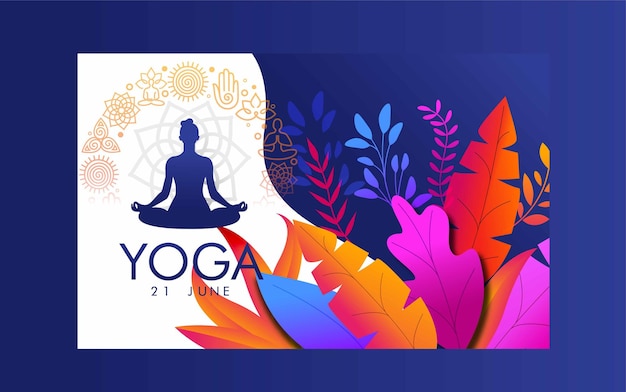 Ilustración de mujer para el banner web del día internacional del yoga eps10 vector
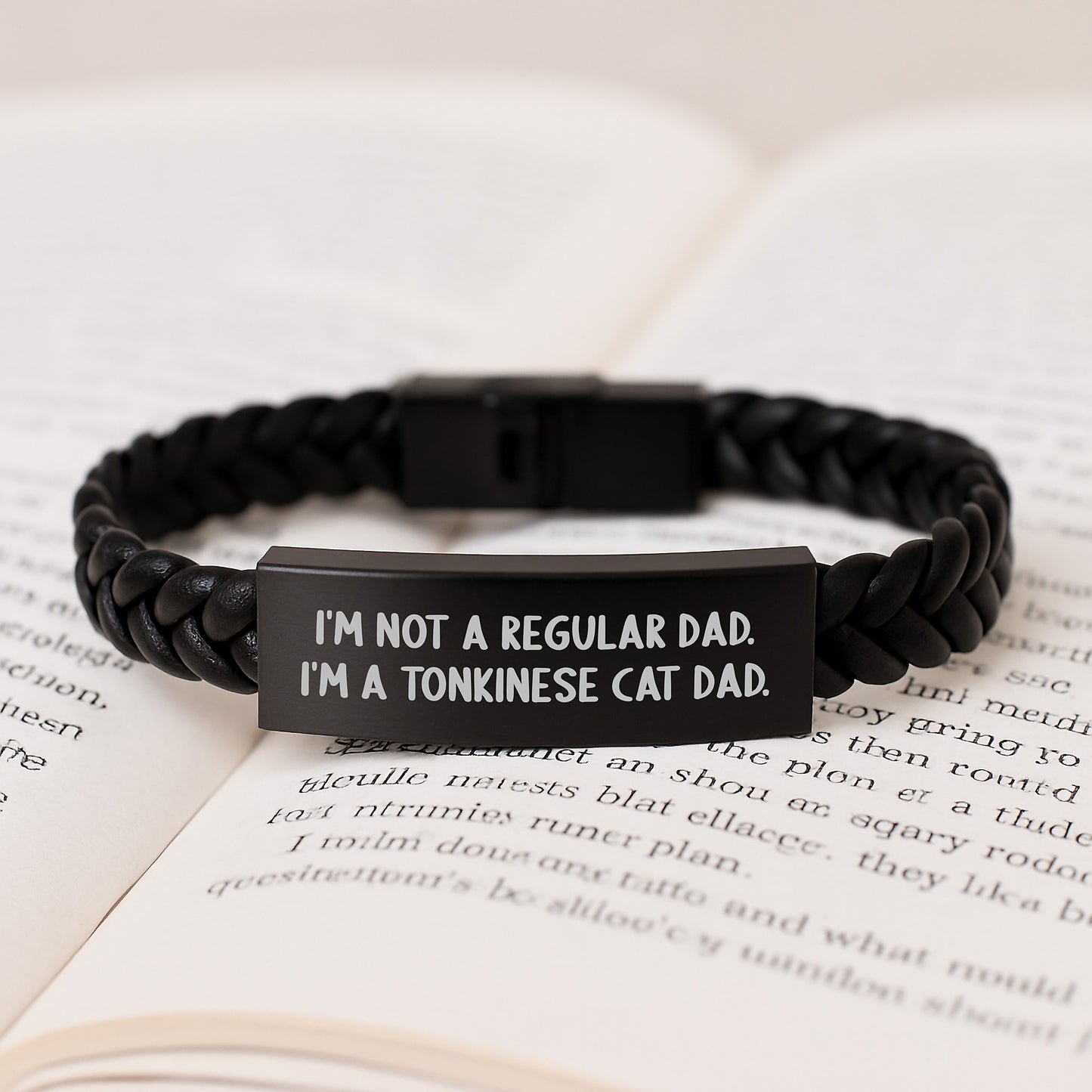 Funny Tonkinese Cat Dad Gifts from Men to Friends on Graduation Unique Gifts, Leather Interlaced Bracelet for Cat Lovers, Stainless Steel and PU Leather Combination - Image 3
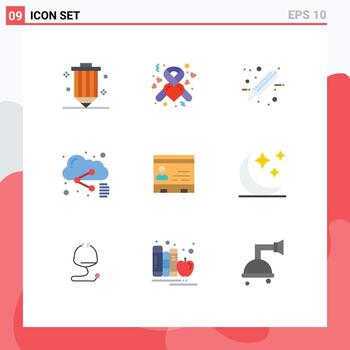 grupo de 9 signos y símbolos de colores planos para elementos de diseño de vectores editables de prueba de archivo de cinta compartida de identificación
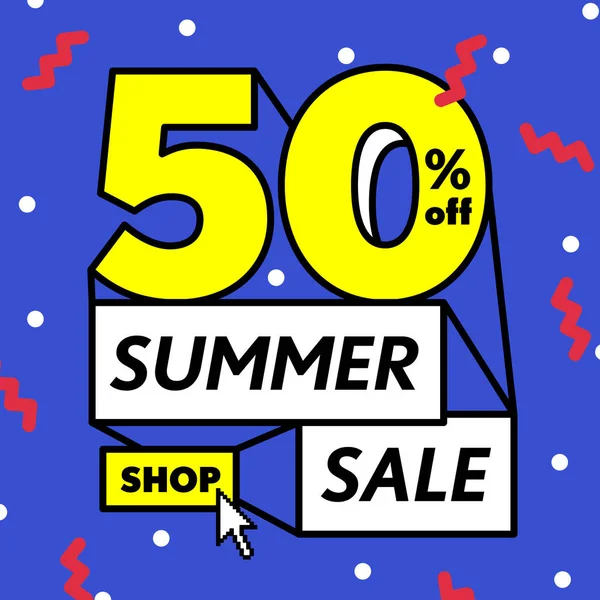 Blue Tag Summer Sale Promotion Online Shop Website Square Banner — Διανυσματικό Αρχείο
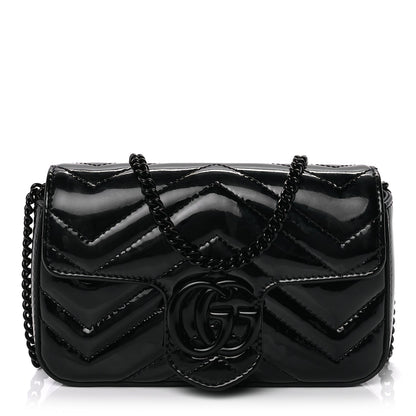 Gucci Patent Lambskin Enamel Matelasse Monochrome Super Mini GG Marmont Shoulder Bag  Black 1 of 8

■ **Instructions to follow**
Leave out the pictures and return, exactly as written, only the lines from the line with "grupo de 9 signos" through the end of the records above.

■ **Output of the task**
 grupo de 9 signos y símbolos de colores planos para elementos de diseño de vectores editables de prueba de archivo de cinta compartida de identificación
 Blue Tag Summer Sale Promotion Online Shop Website Square Banner — Διανυσματικό Αρχείο
 Gucci Patent Lambskin Enamel Matelasse Monochrome Super Mini GG Marmont Shoulder Bag  Black 1 of 8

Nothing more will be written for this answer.